Common triggers are forgetting an argument in the call, a typo in a named parameter so the name does not match the definition, or application code that skipped a mapping and passed nothing. Note that supplying an explicit NULL is different from supplying nothing: NULL counts as a value, while omitting the parameter entirely is what raises 201.
Examples
Calling a procedure without a required parameter
CREATE PROCEDURE dbo.GetCustomerOrders
@CustomerId INT
AS
SELECT * FROM dbo.Orders WHERE CustomerId = @CustomerId;
GO
-- No value supplied for @CustomerId
EXEC dbo.GetCustomerOrders;
Msg 201, Level 16, State 4, Procedure GetCustomerOrders, Line 0 Procedure or function 'GetCustomerOrders' expects parameter '@CustomerId', which was not supplied.
A typo in a named parameter
-- The definition uses @CustomerId, but the caller misspells it.
-- @CustomerID (wrong name) is not recognized, so @CustomerId stays unsupplied.
EXEC dbo.GetCustomerOrders @CustomerIdentifier = 5;
Msg 201, Level 16, State 4, Procedure GetCustomerOrders, Line 0 Procedure or function 'GetCustomerOrders' expects parameter '@CustomerId', which was not supplied.
How to fix it
Pass every required parameter, by name
Supply a value for each parameter that has no default. Passing by name makes the call self documenting and avoids relying on positional order.
EXEC dbo.GetCustomerOrders @CustomerId = 5;
Give the parameter a default so it becomes optional
If callers should be able to omit the argument, declare a default value in the procedure definition. A parameter with a default may be left out of the call.
CREATE OR ALTER PROCEDURE dbo.GetCustomerOrders
@CustomerId INT = NULL
AS
SELECT * FROM dbo.Orders
WHERE @CustomerId IS NULL OR CustomerId = @CustomerId;
GO
-- Now this runs without error
EXEC dbo.GetCustomerOrders;
Check the parameter names match exactly
A named argument only binds if its name matches the definition. Compare the caller against the declared name and fix any typo so the value actually reaches the parameter.
-- Definition declares @CustomerId; use that exact name.
EXEC dbo.GetCustomerOrders @CustomerId = 5;
Populate the command parameters in application code
When the error comes from an application, make sure the command parameters collection actually contains the required parameter before executing. A skipped mapping sends the call with nothing bound.

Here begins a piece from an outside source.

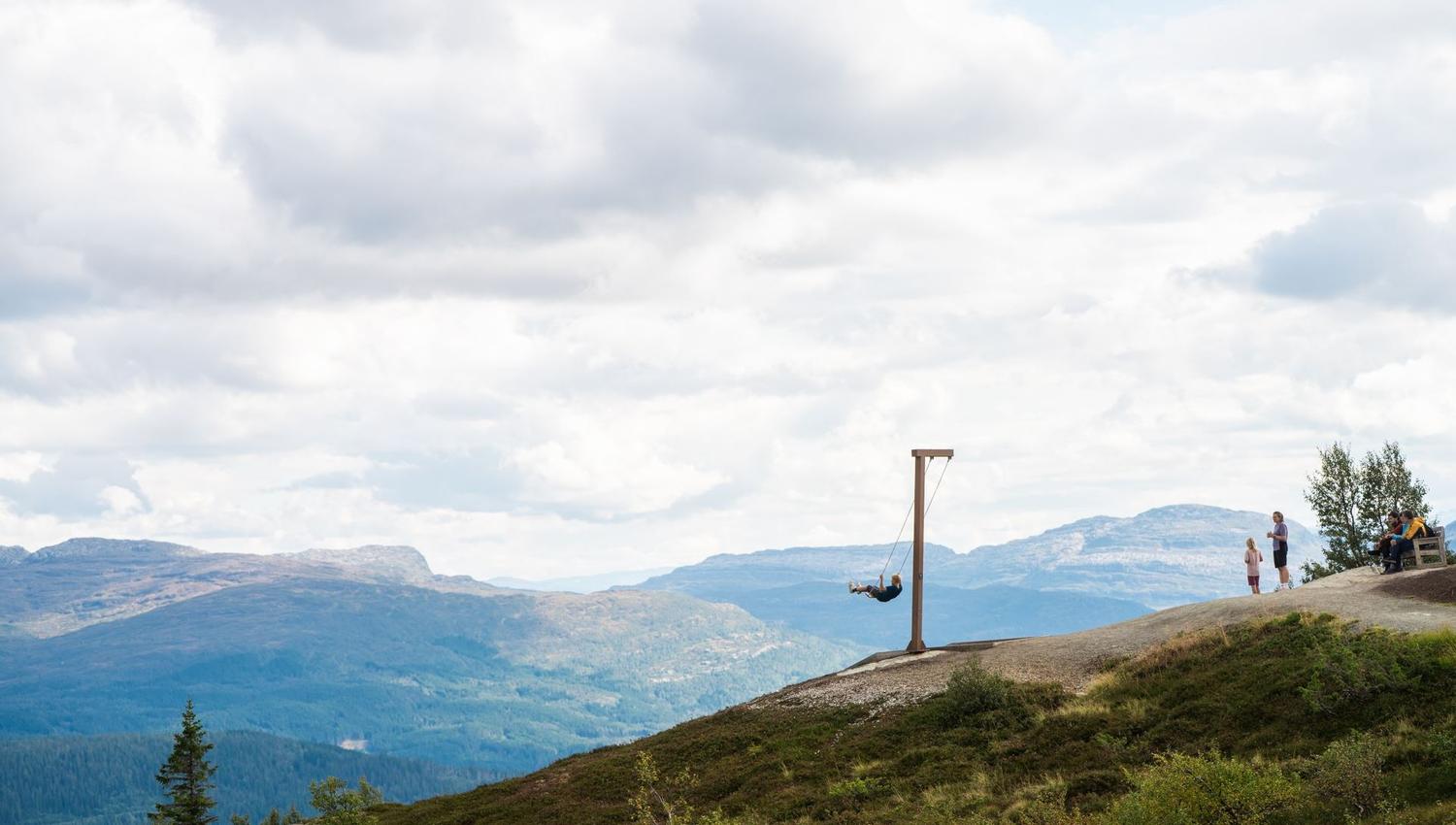 En gutt husker på hangurshusko, sett fra siden. I bakgrunnen ser du fjellene.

-- Pseudocode for the data layer
-- cmd.CommandType = StoredProcedure
-- cmd.CommandText = 'dbo.GetCustomerOrders'
-- cmd.Parameters.Add('@CustomerId', SqlDbType.Int).Value = customerId;
-- Verify @CustomerId is added before cmd.ExecuteReader();
EXEC dbo.GetCustomerOrders @CustomerId = 5;
How to prevent it
Always call procedures with named parameters (@CustomerId = 5) rather than by position. Named arguments make missing or misspelled parameters obvious and stop a reordering of the definition from silently breaking callers.
Give optional parameters a default value in the definition, and validate the full parameter list in application code before executing the command. For a refresher on declaring and passing parameters, see the SQL syntax guide and the SQL tutorial.
Common questions
How do I make a stored procedure parameter optional?
Give the parameter a default value in the procedure definition, for example @CustomerId INT = NULL. A parameter that has a default may be omitted from the call, so SQL Server no longer raises error 201 when it is left out. Handle the default inside the body, such as WHERE @CustomerId IS NULL OR CustomerId = @CustomerId.
Why does passing parameters by name help avoid error 201?
Named parameters bind each value to a specific declared name, so a typo or a missing argument shows up immediately instead of shifting values into the wrong slots. It also means you do not depend on the order the parameters were declared, which keeps calls correct if the procedure is later edited.
Is passing NULL the same as not supplying a parameter?
No. Passing NULL supplies a value (NULL) and satisfies the requirement, so it does not raise error 201. Omitting the parameter entirely supplies nothing, and only that triggers the error when the parameter has no default.